-- Entries shown follows --
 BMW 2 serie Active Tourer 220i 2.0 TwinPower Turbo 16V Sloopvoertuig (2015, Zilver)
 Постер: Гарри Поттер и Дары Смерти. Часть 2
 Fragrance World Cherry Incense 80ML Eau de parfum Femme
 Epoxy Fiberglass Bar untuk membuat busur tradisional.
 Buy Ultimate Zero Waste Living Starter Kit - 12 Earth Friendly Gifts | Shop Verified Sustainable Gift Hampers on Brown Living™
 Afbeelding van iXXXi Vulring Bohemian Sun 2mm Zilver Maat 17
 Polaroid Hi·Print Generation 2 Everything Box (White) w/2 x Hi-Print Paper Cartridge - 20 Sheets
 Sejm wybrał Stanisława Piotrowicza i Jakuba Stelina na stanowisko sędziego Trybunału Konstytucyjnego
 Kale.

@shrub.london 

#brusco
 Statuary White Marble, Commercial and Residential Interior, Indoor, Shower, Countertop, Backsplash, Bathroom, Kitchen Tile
-- Entries shown concluded --
-- Entries shown follows --
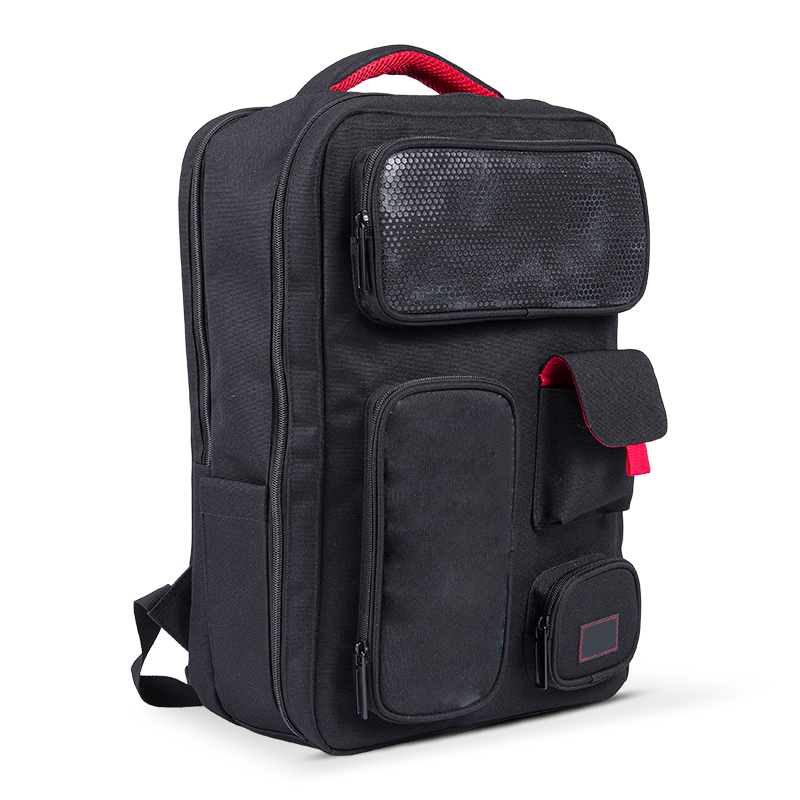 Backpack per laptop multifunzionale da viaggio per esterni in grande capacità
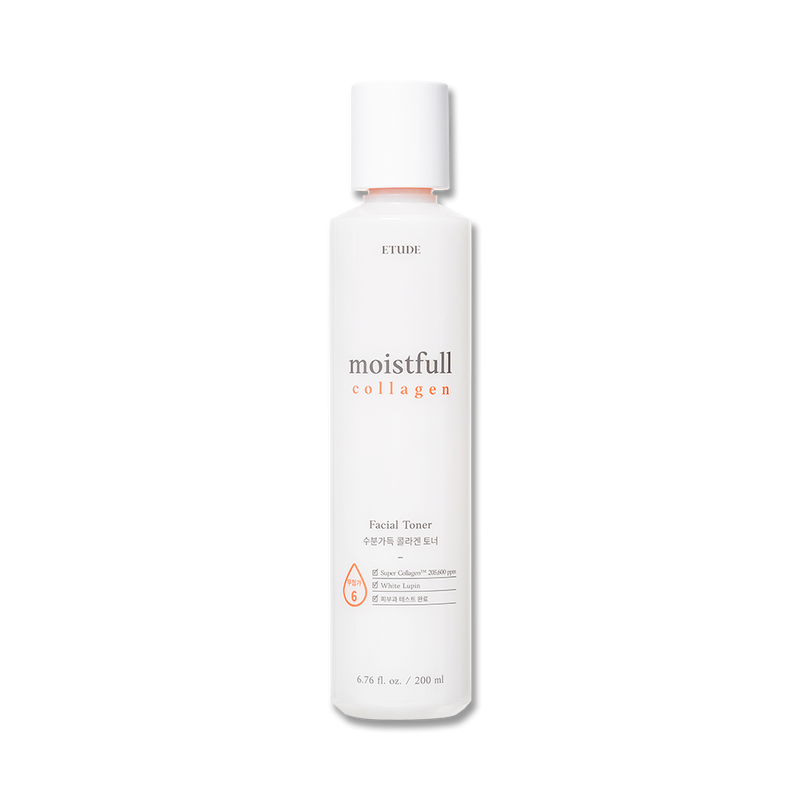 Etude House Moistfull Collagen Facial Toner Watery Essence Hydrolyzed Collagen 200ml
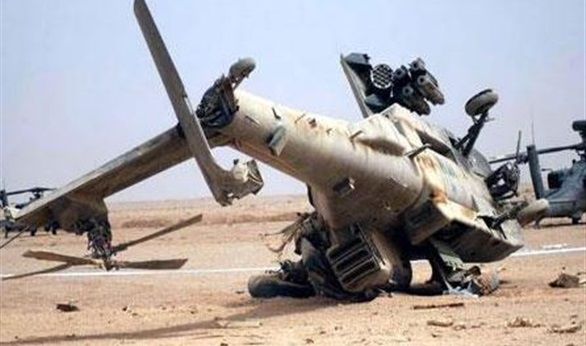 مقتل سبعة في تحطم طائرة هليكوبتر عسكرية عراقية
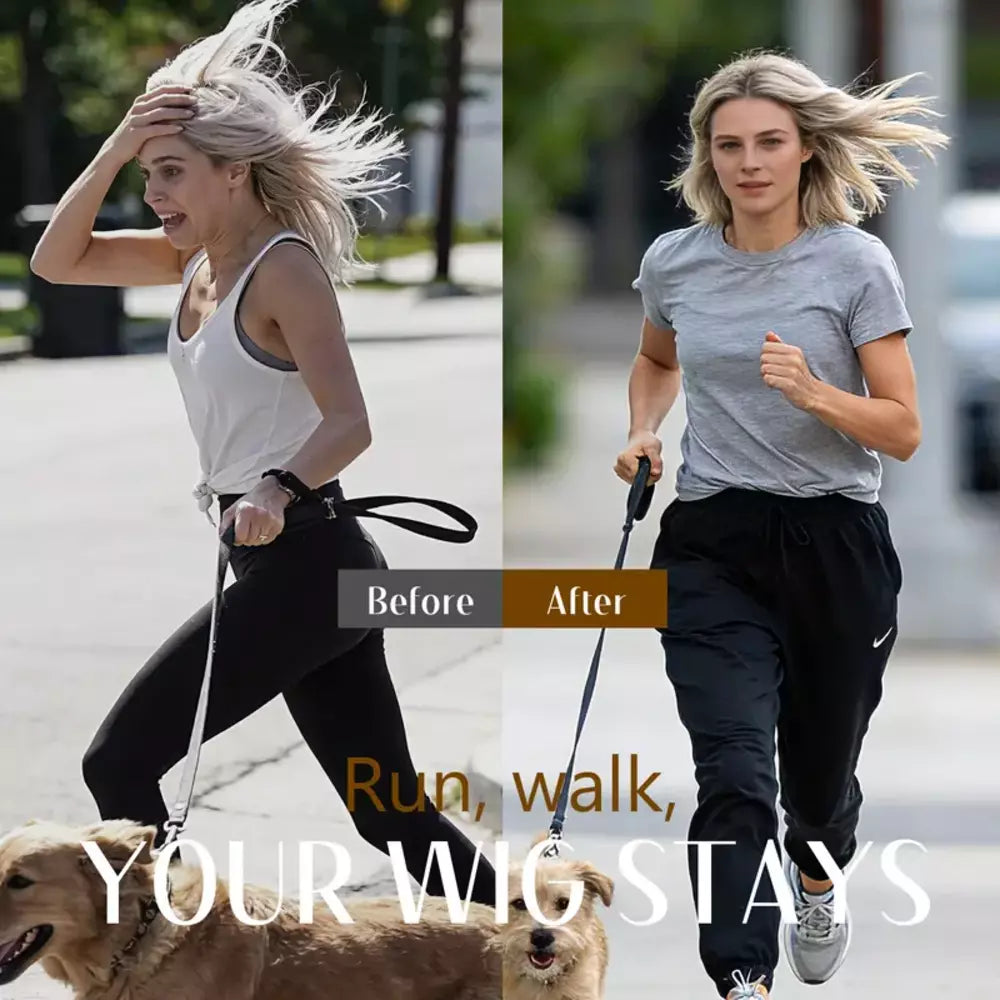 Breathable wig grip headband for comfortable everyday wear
-- Entries shown concluded --
Reproduce each line above that contains "Zilver".

§ Result for this task:
 BMW 2 serie Active Tourer 220i 2.0 TwinPower Turbo 16V Sloopvoertuig (2015, Zilver)
 Afbeelding van iXXXi Vulring Bohemian Sun 2mm Zilver Maat 17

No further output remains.